Reputation: 1405
I am using spark sql to read 2 different datasets sitting in ORC format in S3 . But the performance difference in reading is huge for almost similar size datasets.
Dataset 1 : contains 212,000,000 records each with 50 columns and total up to 15GB in orc format in s3 bucket .
Dataset 2 : contains 29,000,000 records each with 150 columns and total up to 15GB in orc format in same s3 bucket .
Dataset 1 is taking 2 mins to read using spark sql. And its taking 12 mins to read Dataset 2 with same spark read/count job in same infrastructure.
Length of each row could cause this big difference. Can anyone help me understand the reason behind huge performance difference in reading these datasets ?
Upvotes: 3
Views: 2249
Reputation: 13490
Assuming you are using the s3a: client (and not Amazon EMR & it's s3:// client) it is about how much seek() work is going on and whether the client is being clever about random IO or not. Essentially: seek() is very expensive over HTTP1.1 GETs if you have to close an HTTP connection and create a new one. Hadoop 2.8+ adds two features for this: HADOOP-14244: Lazy seek, and HADOOP-13203. High performance random IO.
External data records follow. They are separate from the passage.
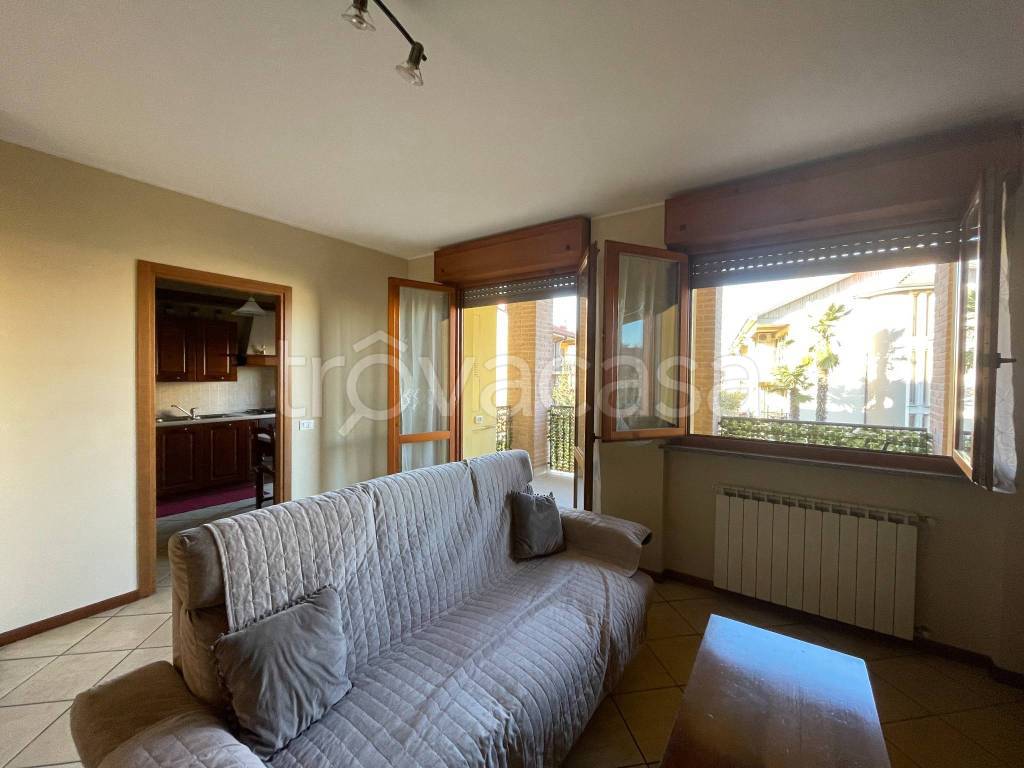 immagine annuncio 2 di 15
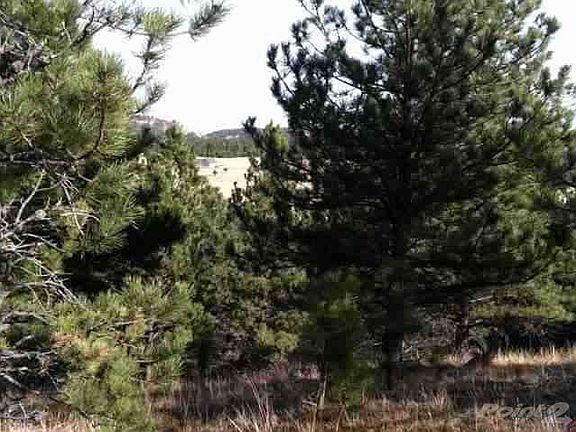 BLACKHILLS106918C[1]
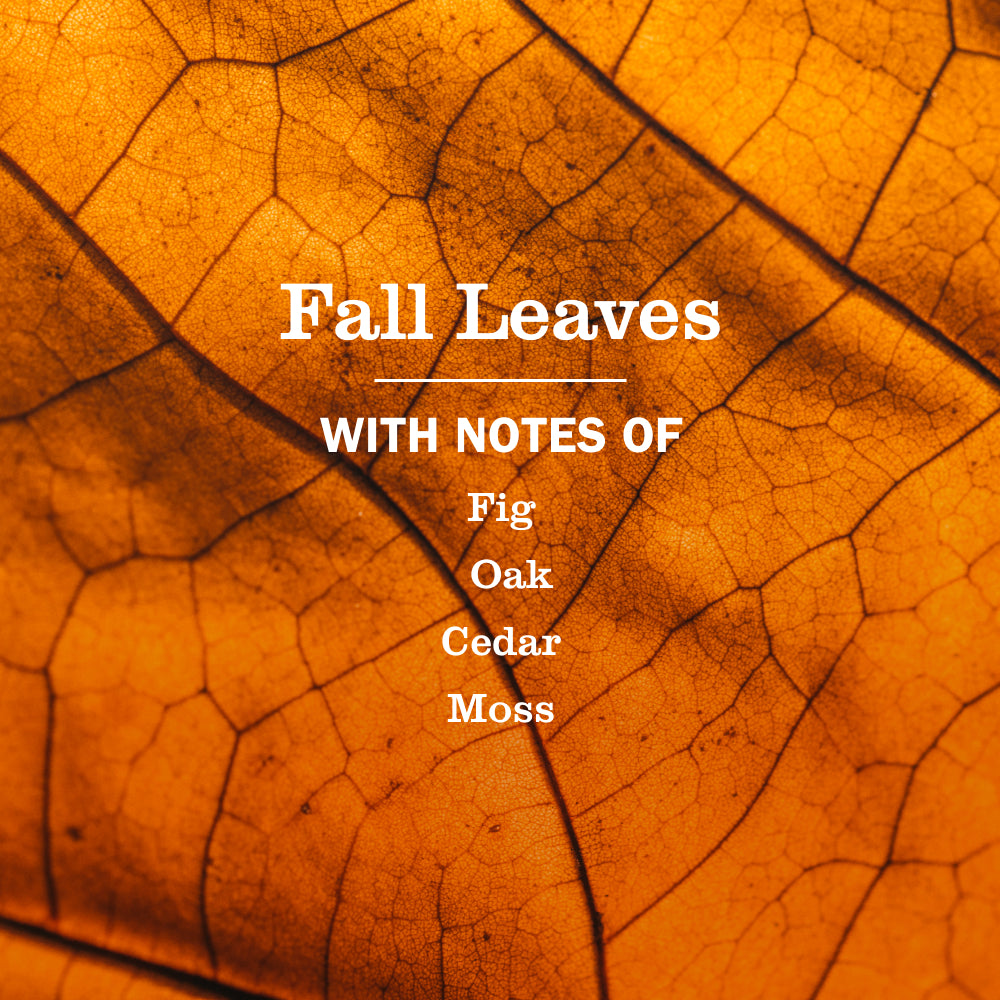 Fall Leaves Multi-Surface Everyday Cleaner 3-count Bundle - View 4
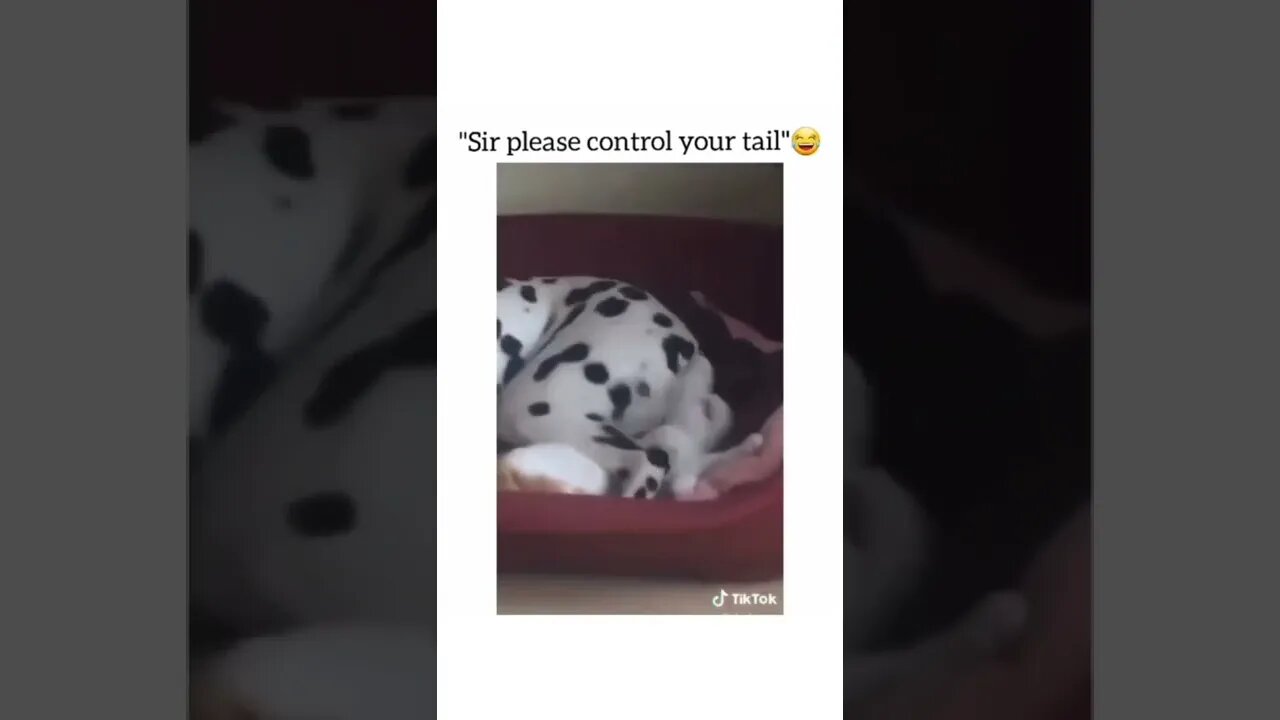 😂🐈‍⬛ #shorts #shortsvideo #cat #dog #funny #fyp #fy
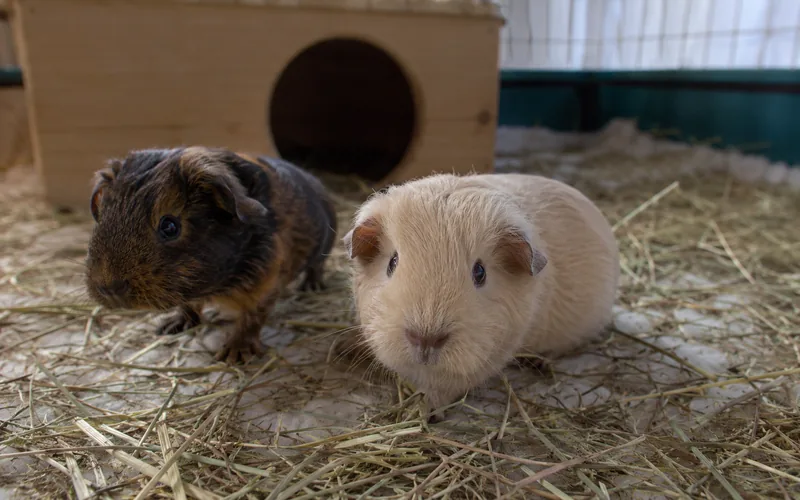 Two baby guinea pigs exploring a cage with a hide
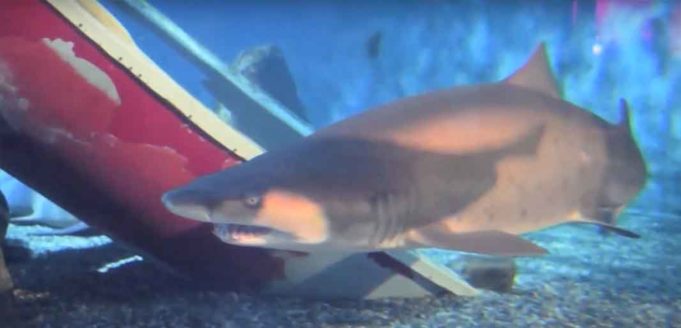 2018 Rhode Island Shark Week IYRS and Cox
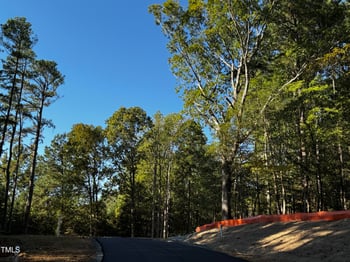 85 Noble Reserve Way Lot 1, Pittsboro, NC 27312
If you have the Hadoop 2.8.+ JARs on your classopath, go:
spark.hadoop.fs.s3a.experimental.input.fadvise random
This will hurt performance on non-random IO (reading .gz files and the like), but is critical for ORC/Parquet IO perf.
If you are using Amazon EMR, their s3 client is closed source, take it up with their support team I'm afraid.
Upvotes: 3